■ **What you should do**
Could you output the listing that follows exactly, without its images?

Listed entries START

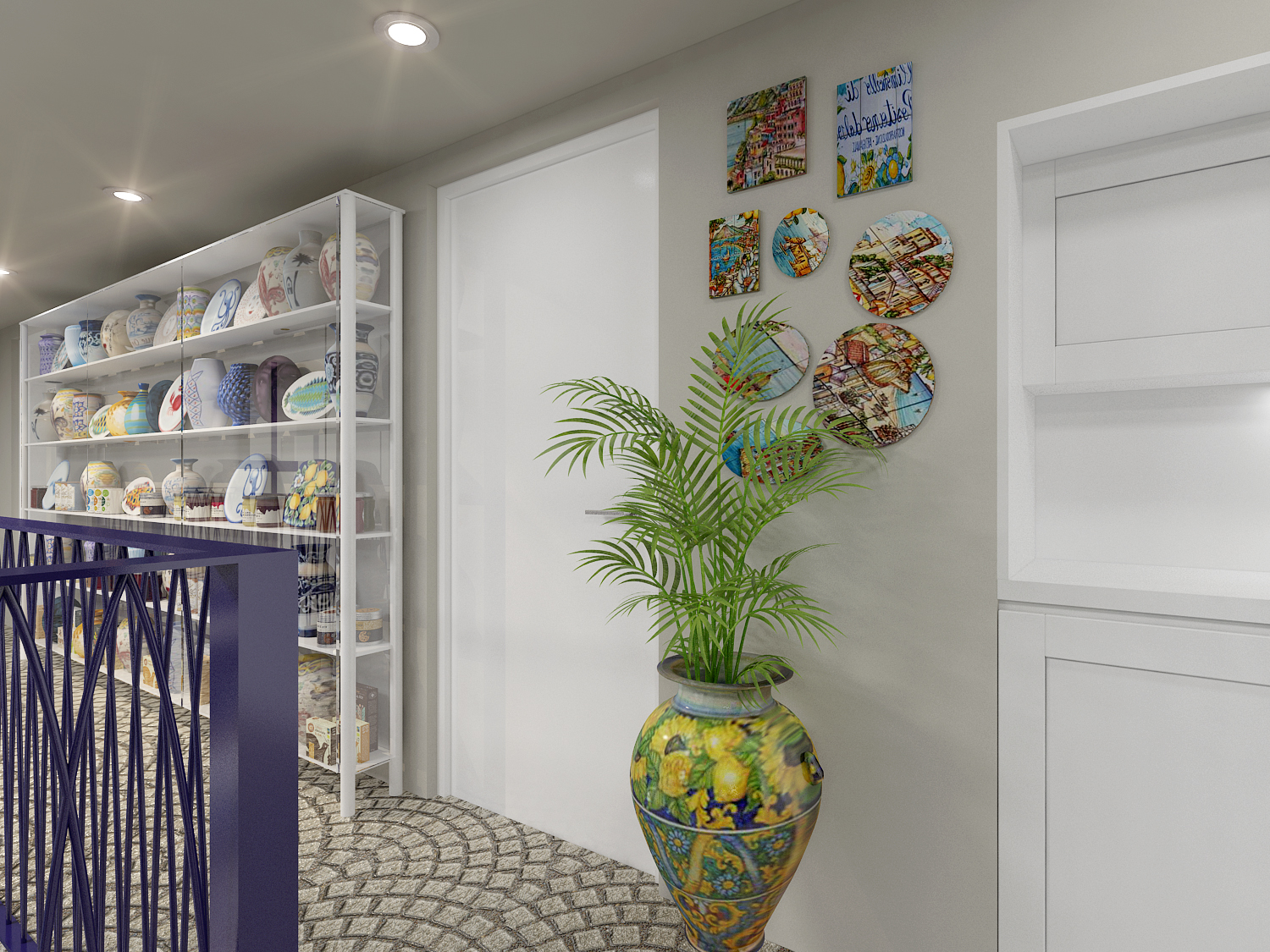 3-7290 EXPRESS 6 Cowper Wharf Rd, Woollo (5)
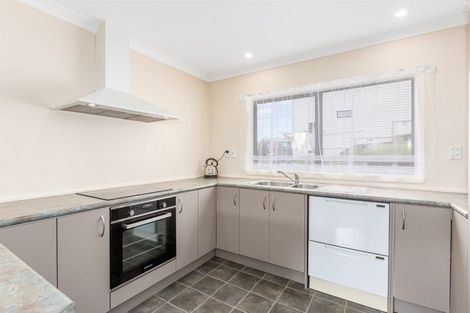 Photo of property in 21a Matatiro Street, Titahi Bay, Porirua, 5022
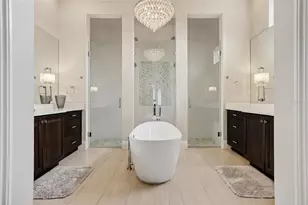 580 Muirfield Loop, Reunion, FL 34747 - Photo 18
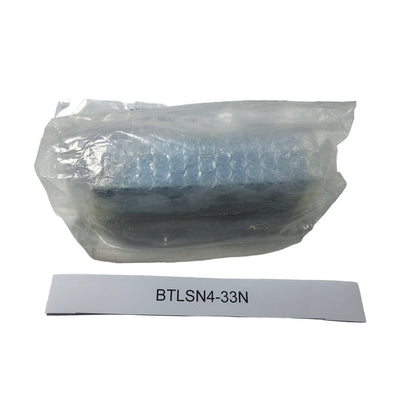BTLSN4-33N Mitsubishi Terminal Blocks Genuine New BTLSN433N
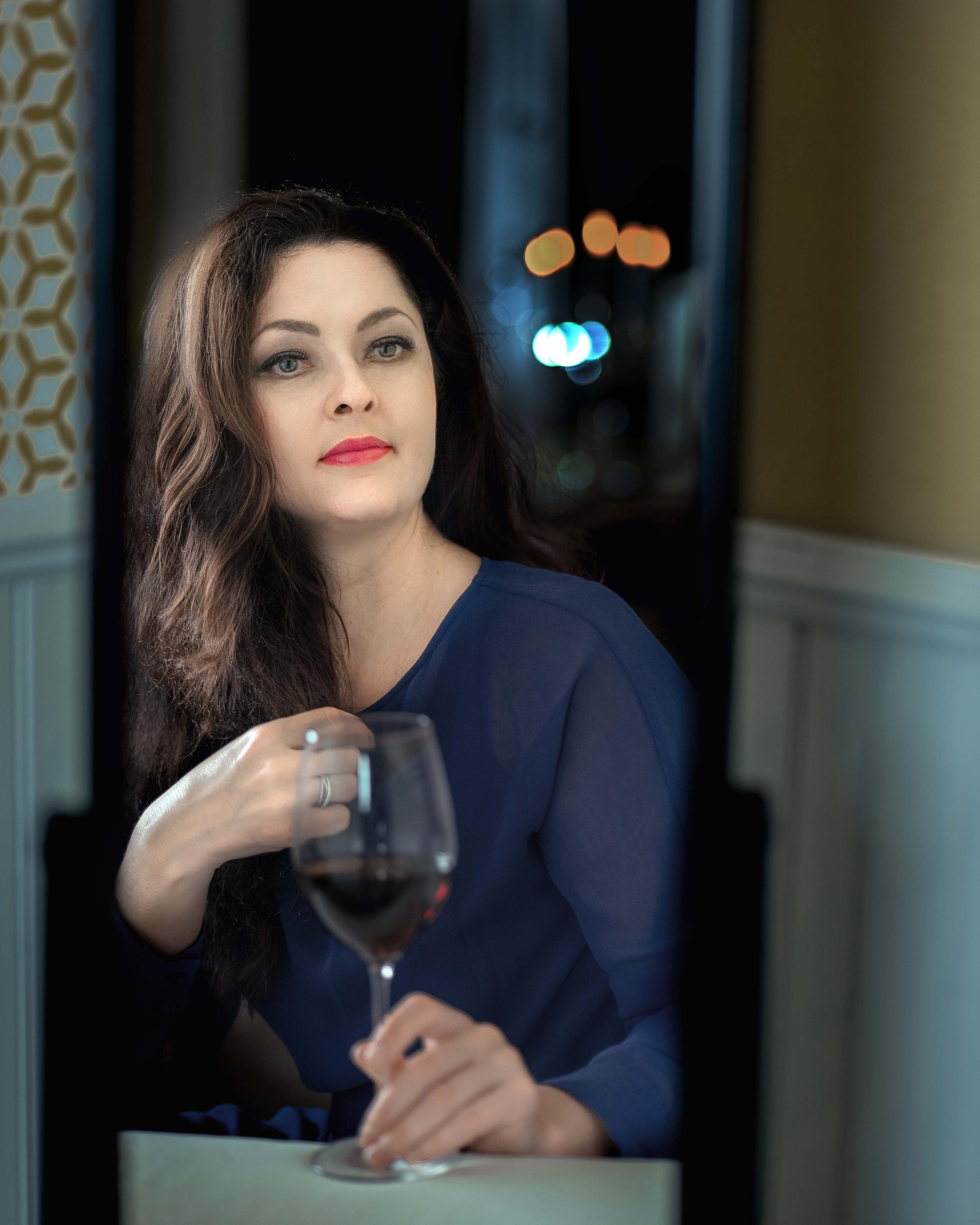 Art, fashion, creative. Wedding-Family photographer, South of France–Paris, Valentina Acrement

Listed entries END

■ **Solution**
 3-7290 EXPRESS 6 Cowper Wharf Rd, Woollo (5)
 Photo of property in 21a Matatiro Street, Titahi Bay, Porirua, 5022
 580 Muirfield Loop, Reunion, FL 34747 - Photo 18
BTLSN4-33N Mitsubishi Terminal Blocks Genuine New BTLSN433N
 Art, fashion, creative. Wedding-Family photographer, South of France–Paris, Valentina Acrement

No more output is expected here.